In the meantime, the theater has entertained the other patrons with commercials, movie trailers, and even a cute segment about how inconsiderate it would be to others if one were to use his or her cell phone during the movie. A full-length page of federal copyright law is flashed before your eyes and the movie begins.
Sure enough, a light begins to glow from a cell phone just a few rows ahead of you. If only there were a law where police would storm the theater and take that man to jail for ruining your $14.00 XD RealD 3D movie experience. For recent patrons at a Willoughby theater, there sort of was.
Last Friday, 35 year old Jonathan Pacizni was arrested for recording The Avengers movie on his cell phone.
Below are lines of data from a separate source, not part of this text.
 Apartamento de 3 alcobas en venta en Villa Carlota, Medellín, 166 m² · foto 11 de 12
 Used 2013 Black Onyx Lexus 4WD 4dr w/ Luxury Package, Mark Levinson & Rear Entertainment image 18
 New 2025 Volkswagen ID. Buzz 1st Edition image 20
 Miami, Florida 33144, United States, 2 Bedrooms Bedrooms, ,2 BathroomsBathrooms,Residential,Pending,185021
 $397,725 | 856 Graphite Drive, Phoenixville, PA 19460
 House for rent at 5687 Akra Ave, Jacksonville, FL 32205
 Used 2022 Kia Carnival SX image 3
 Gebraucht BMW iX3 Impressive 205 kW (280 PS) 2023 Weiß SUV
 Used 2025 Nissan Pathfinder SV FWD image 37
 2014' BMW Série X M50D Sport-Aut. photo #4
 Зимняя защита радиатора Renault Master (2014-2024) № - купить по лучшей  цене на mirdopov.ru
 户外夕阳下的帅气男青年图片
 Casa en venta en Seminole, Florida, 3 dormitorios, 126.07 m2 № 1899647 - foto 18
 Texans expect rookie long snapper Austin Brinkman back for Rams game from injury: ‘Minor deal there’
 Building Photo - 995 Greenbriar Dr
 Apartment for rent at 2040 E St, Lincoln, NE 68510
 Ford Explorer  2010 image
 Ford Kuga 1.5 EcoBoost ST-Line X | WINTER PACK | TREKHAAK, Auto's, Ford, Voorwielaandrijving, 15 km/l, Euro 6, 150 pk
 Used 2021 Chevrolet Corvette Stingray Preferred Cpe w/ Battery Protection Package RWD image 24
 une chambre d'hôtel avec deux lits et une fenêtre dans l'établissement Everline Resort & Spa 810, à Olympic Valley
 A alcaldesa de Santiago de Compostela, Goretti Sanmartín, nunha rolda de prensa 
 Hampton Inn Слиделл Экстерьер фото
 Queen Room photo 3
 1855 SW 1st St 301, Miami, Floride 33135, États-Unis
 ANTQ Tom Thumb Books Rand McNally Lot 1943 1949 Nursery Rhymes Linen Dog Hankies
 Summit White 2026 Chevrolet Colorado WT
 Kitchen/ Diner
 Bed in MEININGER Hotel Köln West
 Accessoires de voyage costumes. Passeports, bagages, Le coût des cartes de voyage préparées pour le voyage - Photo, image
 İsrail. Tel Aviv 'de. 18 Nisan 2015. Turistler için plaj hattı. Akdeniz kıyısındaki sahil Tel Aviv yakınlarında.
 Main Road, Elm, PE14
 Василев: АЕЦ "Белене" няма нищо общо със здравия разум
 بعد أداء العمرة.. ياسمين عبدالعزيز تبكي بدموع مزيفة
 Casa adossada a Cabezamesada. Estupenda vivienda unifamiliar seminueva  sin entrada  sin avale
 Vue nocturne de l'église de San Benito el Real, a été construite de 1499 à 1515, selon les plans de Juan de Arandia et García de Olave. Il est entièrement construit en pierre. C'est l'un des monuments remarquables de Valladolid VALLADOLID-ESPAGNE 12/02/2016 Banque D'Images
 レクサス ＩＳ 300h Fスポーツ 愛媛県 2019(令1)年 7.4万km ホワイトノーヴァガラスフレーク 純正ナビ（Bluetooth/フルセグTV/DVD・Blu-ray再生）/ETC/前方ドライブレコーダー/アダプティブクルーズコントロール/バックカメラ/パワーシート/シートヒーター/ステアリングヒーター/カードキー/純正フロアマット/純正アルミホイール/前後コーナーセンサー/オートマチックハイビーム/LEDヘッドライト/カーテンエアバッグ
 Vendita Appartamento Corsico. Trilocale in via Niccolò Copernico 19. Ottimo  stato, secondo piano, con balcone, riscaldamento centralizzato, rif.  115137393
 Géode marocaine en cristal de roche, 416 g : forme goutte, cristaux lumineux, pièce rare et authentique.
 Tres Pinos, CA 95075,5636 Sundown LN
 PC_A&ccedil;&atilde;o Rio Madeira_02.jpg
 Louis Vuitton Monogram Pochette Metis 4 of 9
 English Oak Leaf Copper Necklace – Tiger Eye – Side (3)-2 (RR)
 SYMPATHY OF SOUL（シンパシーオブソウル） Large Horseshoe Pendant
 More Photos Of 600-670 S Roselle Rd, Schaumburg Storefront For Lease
The light, which the recording device emitted, caught the eye of a theater employee who then called the police. The police arrested Pacizni when they saw that the first ten minutes of The Avengers had been recorded on his cell phone. Although Pacizni claimed he was merely testing out his new phone, he was arrested for Motion Picture Piracy.
Ohio’s Motion Picture Piracy law, Rev. Code Section 2913.07, makes it a misdemeanor for patrons to knowingly operate the audio-visual recording function of a device in a retail establishment or movie theater without consent of the establishment owner and of the motion picture licensor. Pacizni was surely warned before the movie began that it was not only rude to use his cell phone during the movie, as if anyone still needs to be told this, but he was also warned that it was a violation of federal copyright law to unlawfully reproduce or distribute it.
U.S. Copyright Law, Title 17, Section 106, gives a copyright owner the exclusive right to make copies of a copyrighted work. However, Section 107 places a limitation on that exclusive right when the copy is made for purposes such as criticism, comment, news reporting, teaching, or research. Someone facing these federal charges for acts similar to Paczini’s could claim he or she recorded the movie merely to start a commentary blog.
However, this is no defense to Pacizni, who instead is accused of violating the state’s Motion Picture Piracy law. Perhaps if among the various ads and previews theaters would post the state law against using cell phones to record the movie, patrons would be less tempted to even bring them out during the movie for fear of being accused of Motion Picture Piracy.